▶ _Task item_
When you copy the entries, match them exactly and omit the pictures.

*****

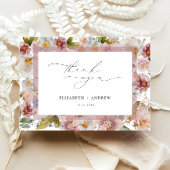Elegant Blush Pink Floral Wedding Bedankkaart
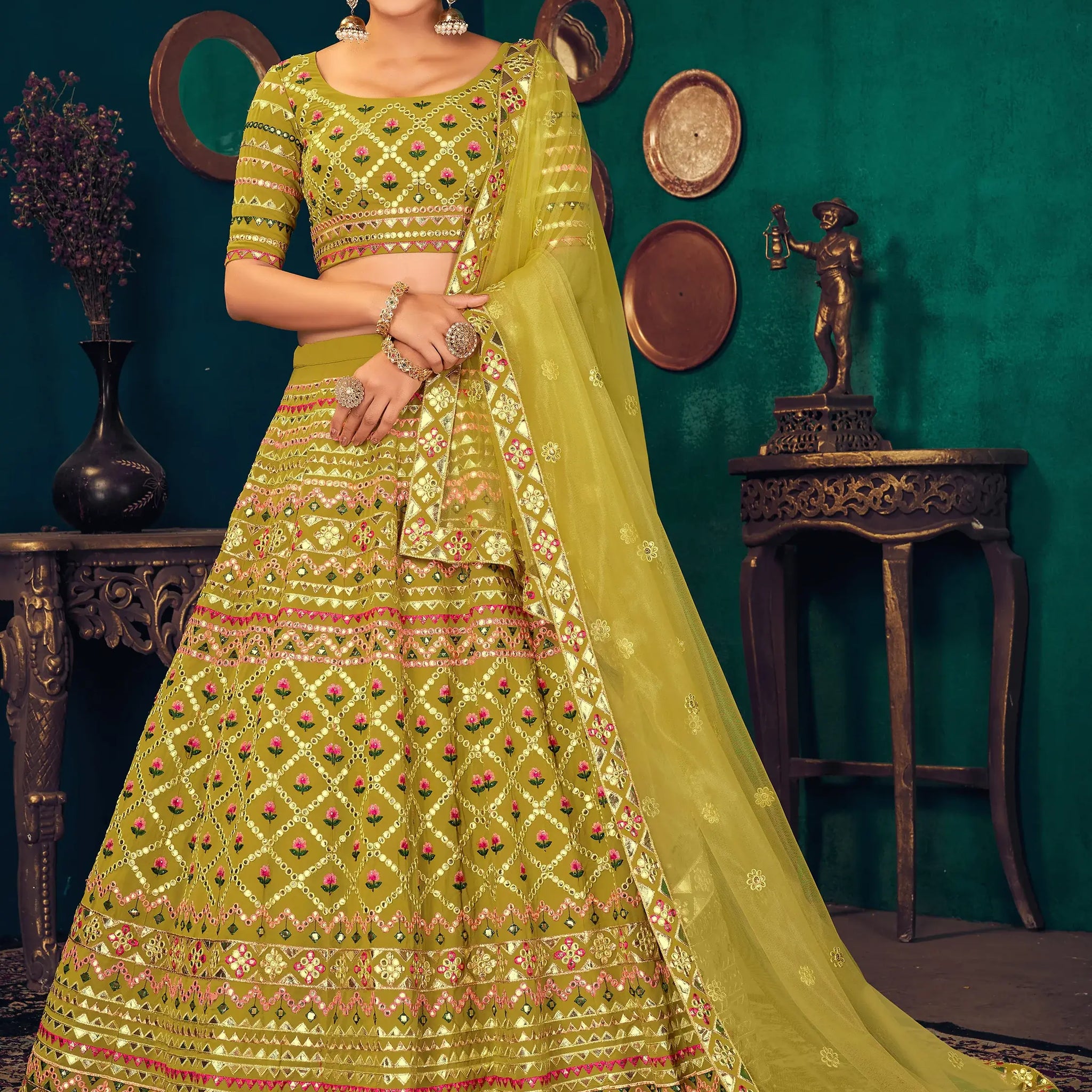 Beautiful Lime Green Thread Work Georgette Lehenga Choli With Dupatta - Zeel Clothing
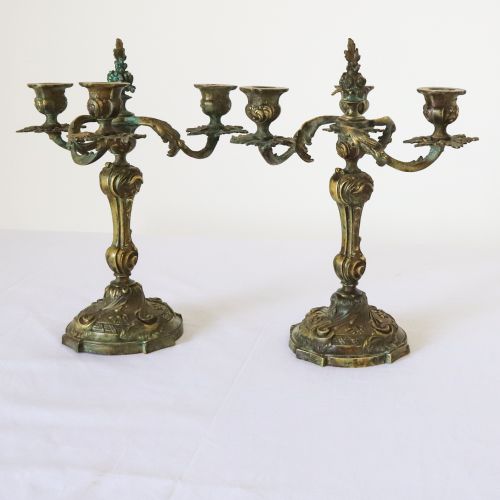 pair of french bell bronze candlesticks candelabras c1850 - CATEGORY: ANTIQUE LIGHTING - DATED 19TH CENTURY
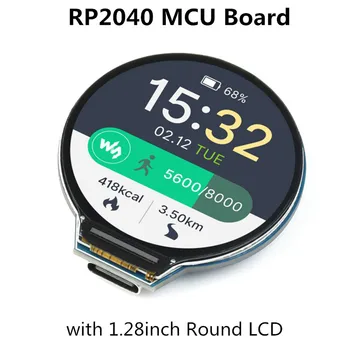 Vaarika Pi RP2040 MCU Juhatuse with1.28 tolline Ümmargune LCD-65K RGB Ekraan Moodul SPI Ekraan / Kiirendusmõõtur / Güroskoop Andurid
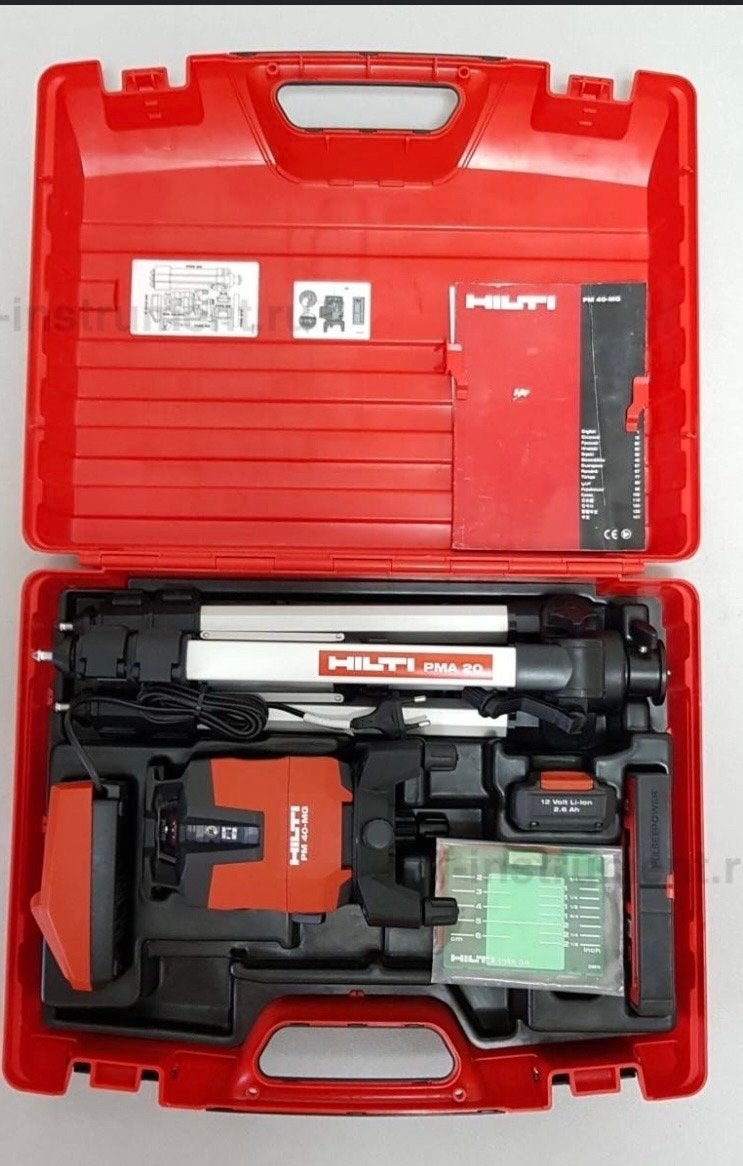 Gevraagd koffer Hilti PM 40-MG Multilijnlaser en statief, Ophalen of Verzenden, Zo goed als nieuw, Licht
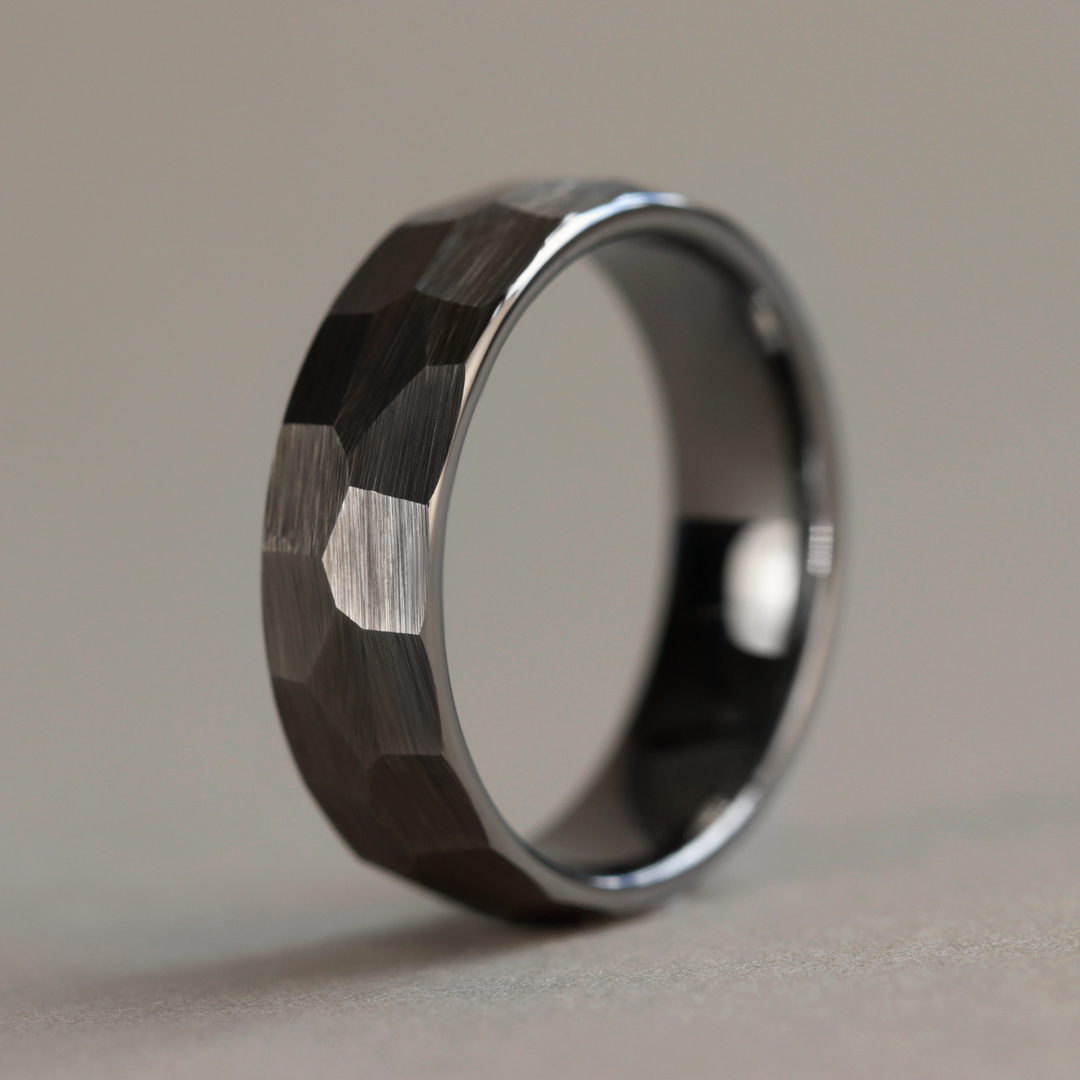 Hammered Effect Tungsten Wedding Ring - The Rivelin Valley Tungsten Rings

*****

▶ _Solution below_
Elegant Blush Pink Floral Wedding Bedankkaart
 Beautiful Lime Green Thread Work Georgette Lehenga Choli With Dupatta - Zeel Clothing
 pair of french bell bronze candlesticks candelabras c1850 - CATEGORY: ANTIQUE LIGHTING - DATED 19TH CENTURY
 Vaarika Pi RP2040 MCU Juhatuse with1.28 tolline Ümmargune LCD-65K RGB Ekraan Moodul SPI Ekraan / Kiirendusmõõtur / Güroskoop Andurid
 Gevraagd koffer Hilti PM 40-MG Multilijnlaser en statief, Ophalen of Verzenden, Zo goed als nieuw, Licht
 Hammered Effect Tungsten Wedding Ring - The Rivelin Valley Tungsten Rings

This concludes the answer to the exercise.